それに加えて競争激化によるRakuten UN-LIMIT VIの提供により、当初想定していなかった月額0円で利用し続ける顧客も増え、経営の負担になっていたことは確かだろう。そして一連の赤字は楽天グループ全体の経営にも影響を与えており、ここ最近“改悪”との声が増えている、スーパーポイントアッププログラムでのポイント還元率低下などの形で消費者にも影響が出てきている。
そうしたことから楽天モバイルは赤字の早期解消のため、顧客拡大から収益改善へと舵を切る必要が出てきたといえる。2021年3月には日本郵政グループなどから大規模な資金調達を実施したのに加え、2021年10月には39都道府県の一部でKDDIとのローミングを終了させることを打ち出し、ローミング料負担の解消に手を付けてきた。そしてより収益改善を急ぐべく手を付けたのが、今回の新料金プラン導入による月額0円の廃止なのである。

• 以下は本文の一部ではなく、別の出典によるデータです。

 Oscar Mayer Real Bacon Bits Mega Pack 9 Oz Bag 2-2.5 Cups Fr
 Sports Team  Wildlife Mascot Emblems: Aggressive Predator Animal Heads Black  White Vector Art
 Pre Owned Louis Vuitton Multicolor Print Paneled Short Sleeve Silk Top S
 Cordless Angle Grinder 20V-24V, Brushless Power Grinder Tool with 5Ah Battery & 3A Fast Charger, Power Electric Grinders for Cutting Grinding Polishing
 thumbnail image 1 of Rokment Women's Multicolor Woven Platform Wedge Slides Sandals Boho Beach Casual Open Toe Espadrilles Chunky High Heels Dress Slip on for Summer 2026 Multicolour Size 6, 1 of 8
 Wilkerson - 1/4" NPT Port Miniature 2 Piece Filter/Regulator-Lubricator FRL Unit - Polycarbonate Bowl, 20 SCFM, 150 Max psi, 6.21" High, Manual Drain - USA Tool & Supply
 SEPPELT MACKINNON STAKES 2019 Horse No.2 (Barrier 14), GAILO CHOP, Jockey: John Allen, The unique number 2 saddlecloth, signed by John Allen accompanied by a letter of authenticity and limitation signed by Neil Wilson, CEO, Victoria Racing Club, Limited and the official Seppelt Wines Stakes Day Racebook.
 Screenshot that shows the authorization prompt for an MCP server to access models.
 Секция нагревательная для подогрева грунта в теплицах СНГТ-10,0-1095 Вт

それゆえ今回の措置は楽天モバイルのビジネスにプラスに働く一方で、月額0円を目当てに利用していたユーザーに与えた衝撃も決して小さくなく、ユーザー離れが懸念される所でもある。実際、サービスの性質こそ違えど月額0円から利用できるという点では共通している、KDDIの「povo2.0」に乗り換える人も増えているようで、同サービスでは5月14日、申し込みが集中して本人確認に時間がかかる旨のリリースを出すに至っている。

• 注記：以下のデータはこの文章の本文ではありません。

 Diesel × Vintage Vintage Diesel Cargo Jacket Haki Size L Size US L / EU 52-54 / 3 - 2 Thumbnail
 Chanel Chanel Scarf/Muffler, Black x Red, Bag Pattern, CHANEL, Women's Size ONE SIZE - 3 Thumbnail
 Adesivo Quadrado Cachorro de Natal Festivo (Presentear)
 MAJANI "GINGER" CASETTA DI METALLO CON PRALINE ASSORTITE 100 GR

そのこと自体は楽天モバイルも想定済みだろうが、「お金を払ってもいいから利用を継続したい」というユーザーがどの程度残るのか、そして月額0円という武器を失った後、顧客獲得が従来通り進むのかという点はまだ見えていない。収益改善に道筋は付けつつあるが、それによって失うものも大きく、茨の道はまだまだ続くというのが正直な所ではないだろうか。